Caption-style text data
______
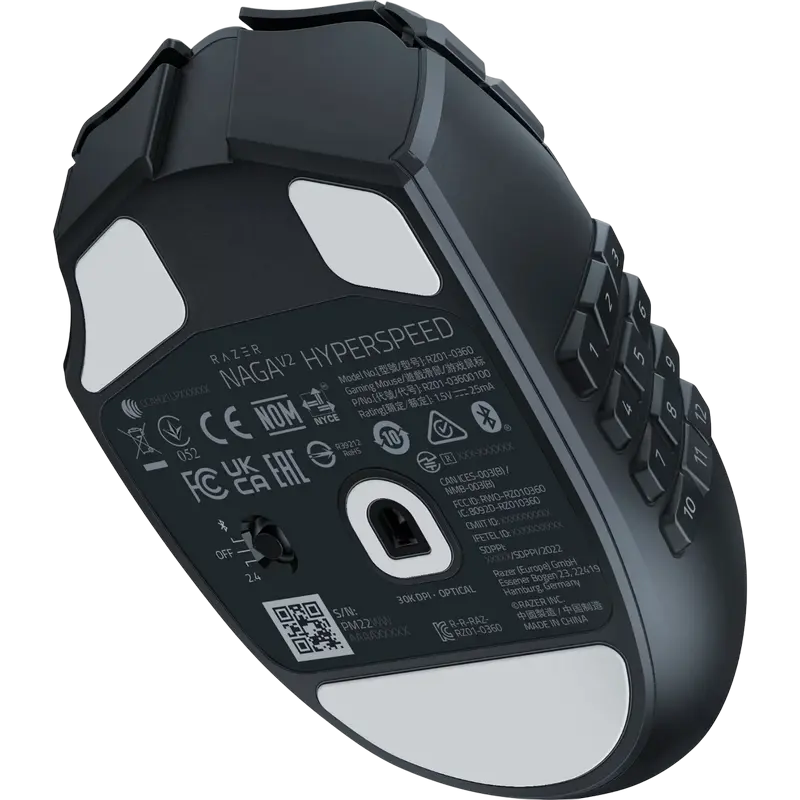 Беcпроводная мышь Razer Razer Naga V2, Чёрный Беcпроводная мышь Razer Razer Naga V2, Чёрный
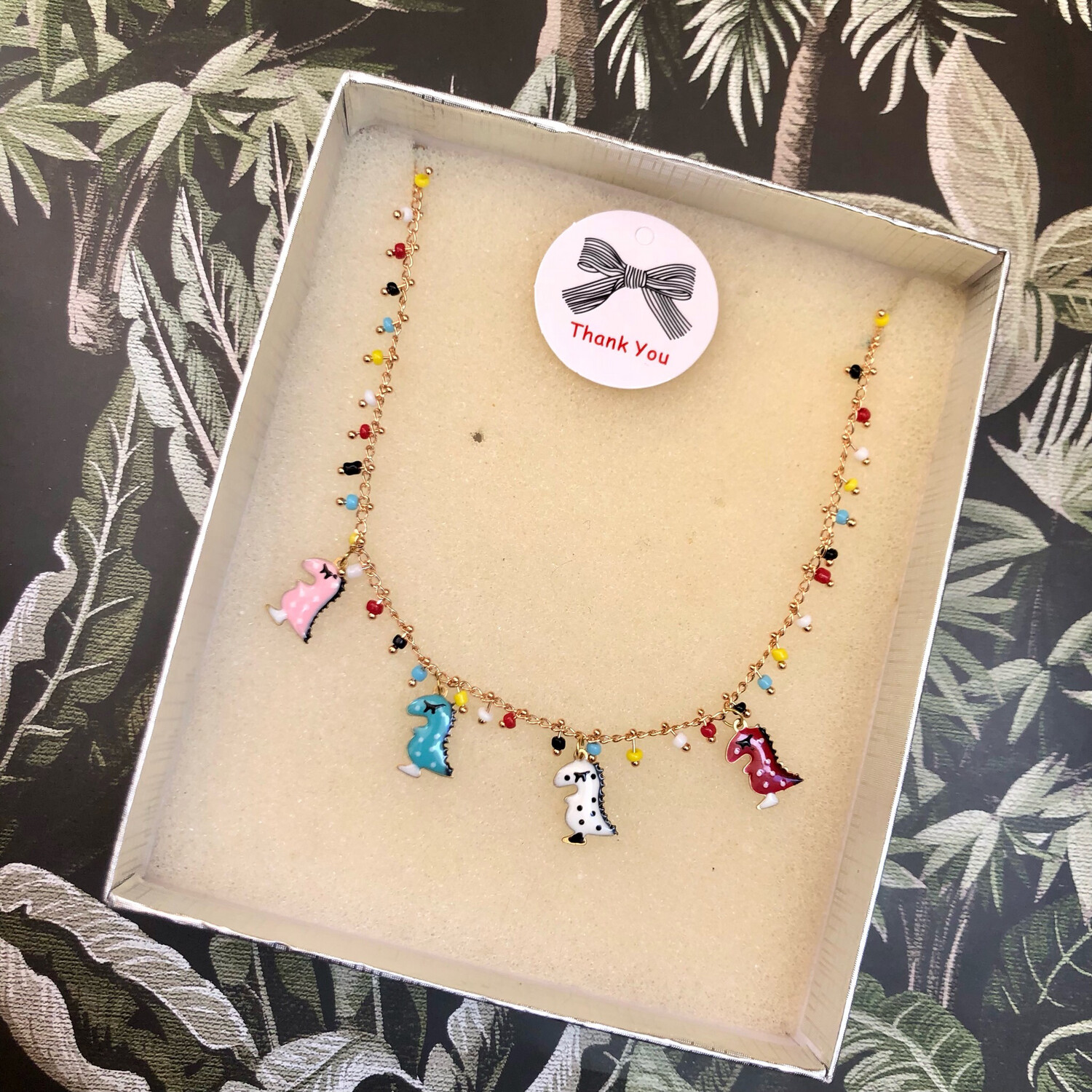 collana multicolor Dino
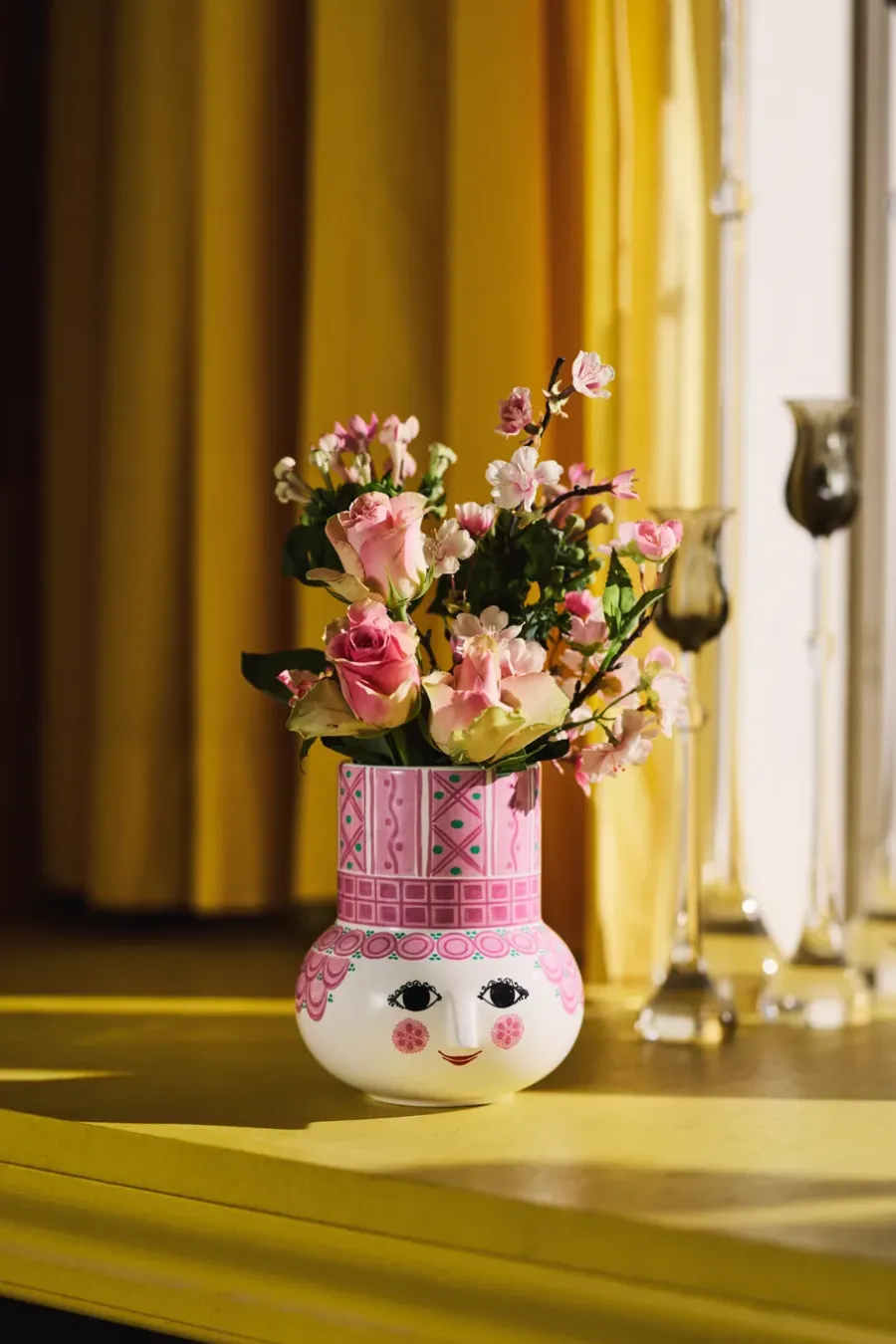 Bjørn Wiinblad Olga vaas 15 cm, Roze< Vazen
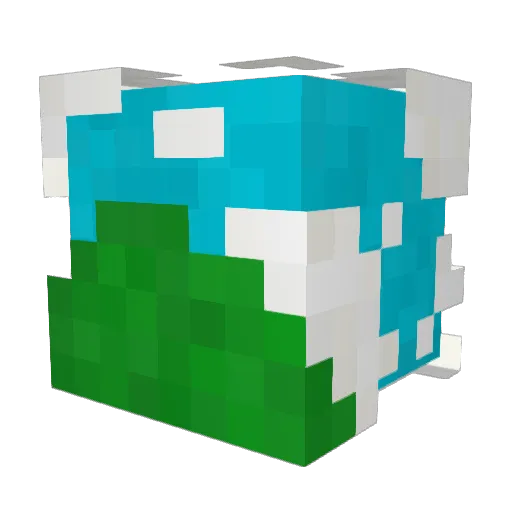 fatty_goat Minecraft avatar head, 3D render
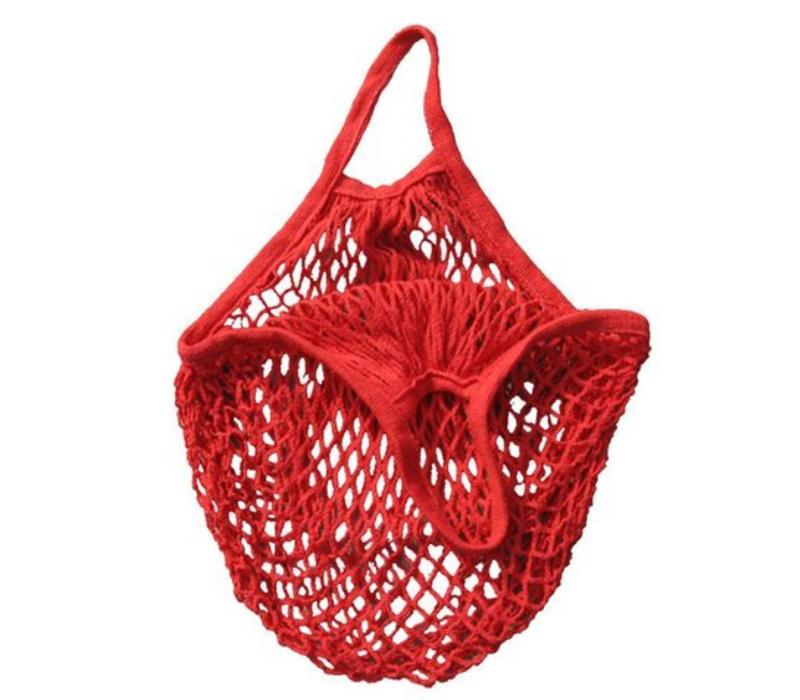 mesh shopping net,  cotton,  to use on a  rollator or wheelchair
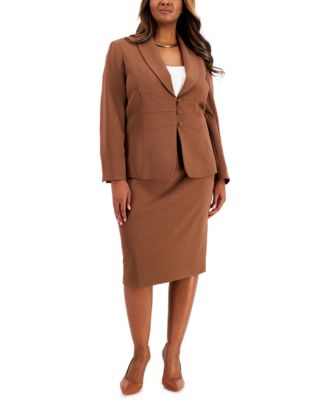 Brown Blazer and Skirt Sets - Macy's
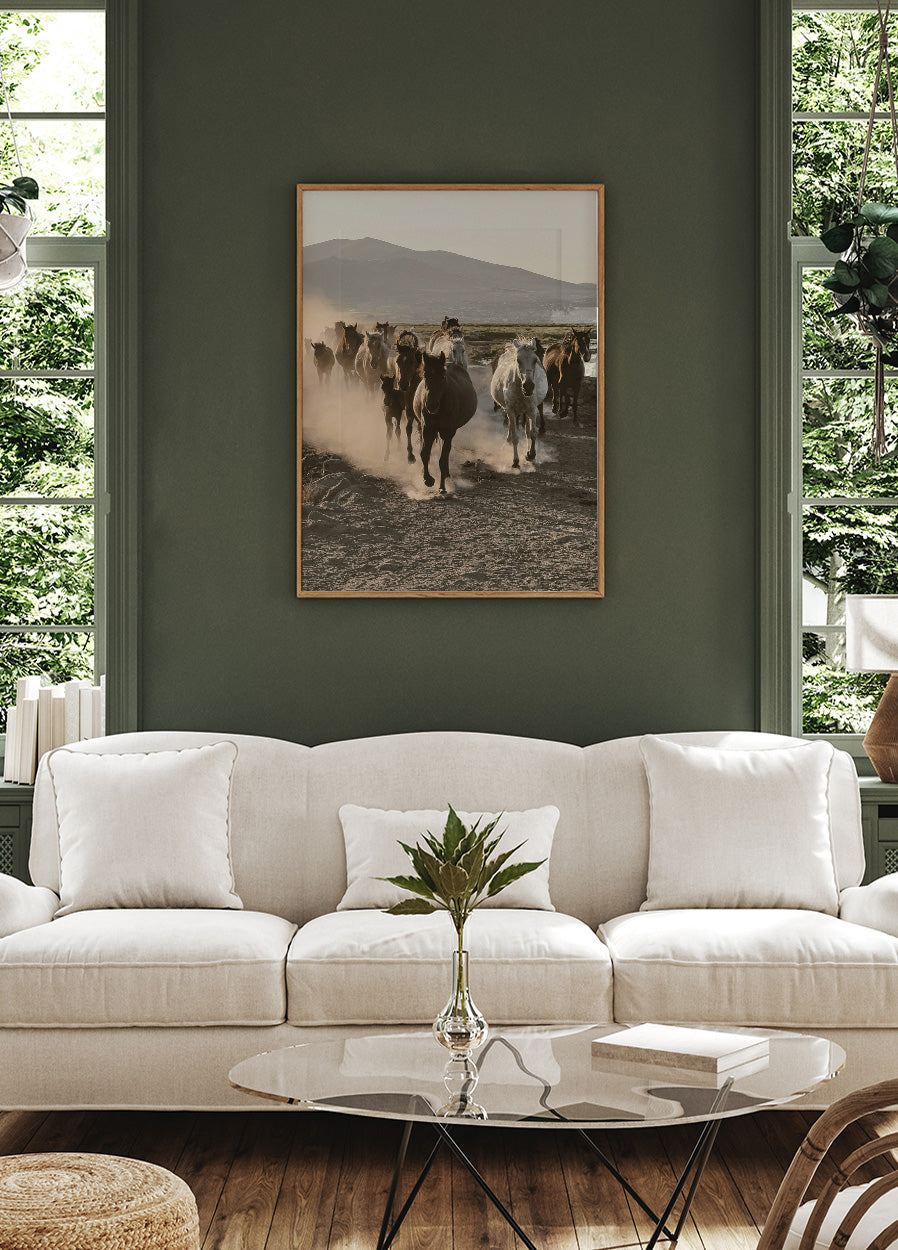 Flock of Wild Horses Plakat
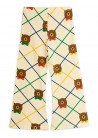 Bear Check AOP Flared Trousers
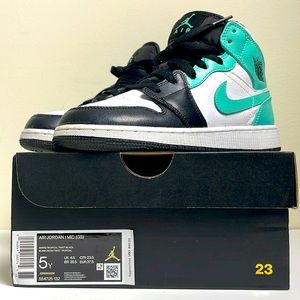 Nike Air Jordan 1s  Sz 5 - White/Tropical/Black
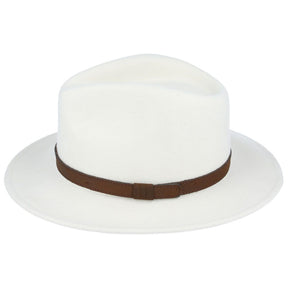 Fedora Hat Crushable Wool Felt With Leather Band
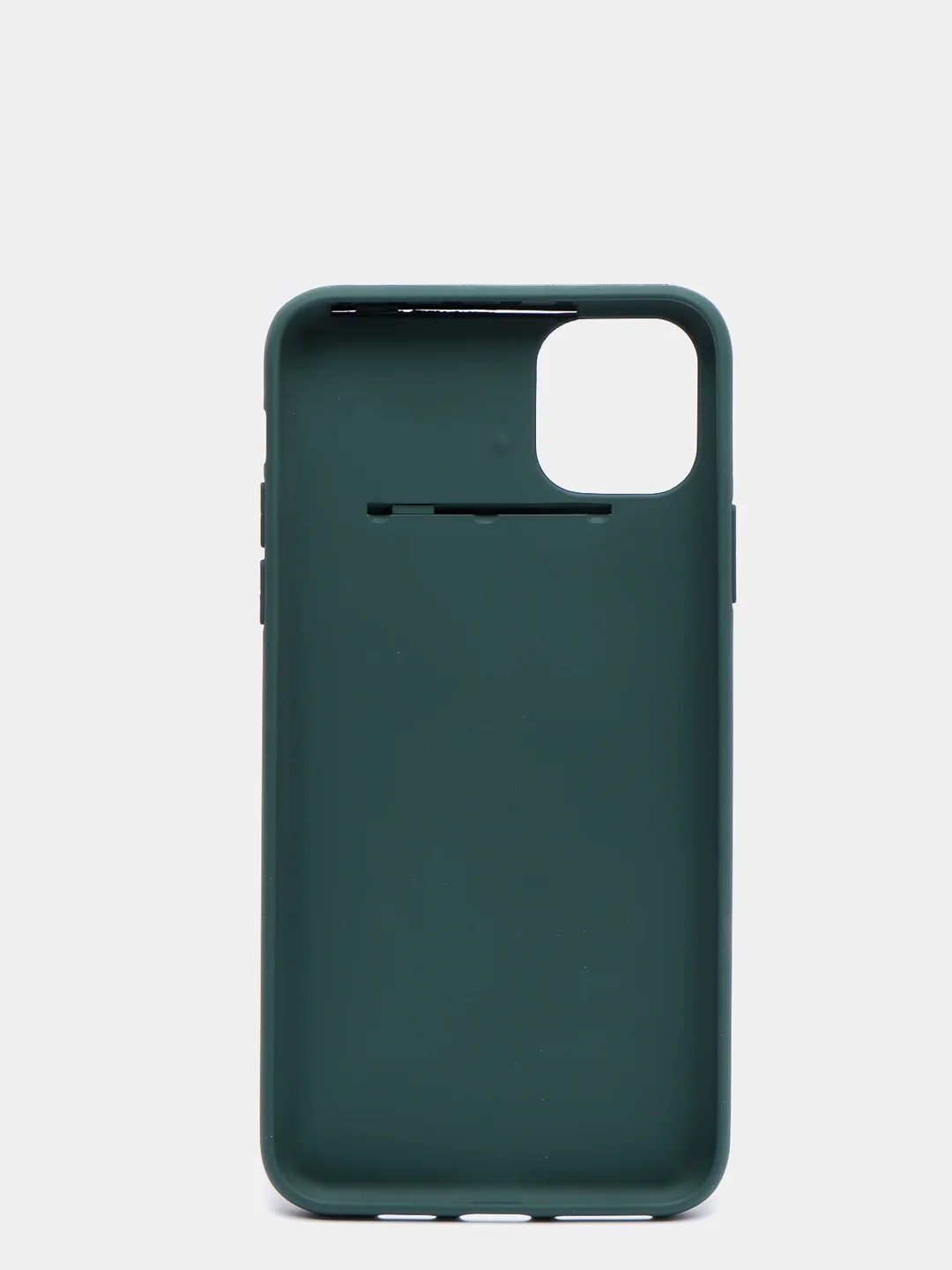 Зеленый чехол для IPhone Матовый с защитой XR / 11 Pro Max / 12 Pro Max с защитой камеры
______
YOUR ASSIGNMENT
Beginning with the line where "rollator or wheelchair" appears, transcribe the records above word for word through their last line, and include no pictures.

TASK SOLUTION
 mesh shopping net,  cotton,  to use on a  rollator or wheelchair
 Brown Blazer and Skirt Sets - Macy's
 Flock of Wild Horses Plakat
 Bear Check AOP Flared Trousers
 Nike Air Jordan 1s  Sz 5 - White/Tropical/Black
 Fedora Hat Crushable Wool Felt With Leather Band
 Зеленый чехол для IPhone Матовый с защитой XR / 11 Pro Max / 12 Pro Max с защитой камеры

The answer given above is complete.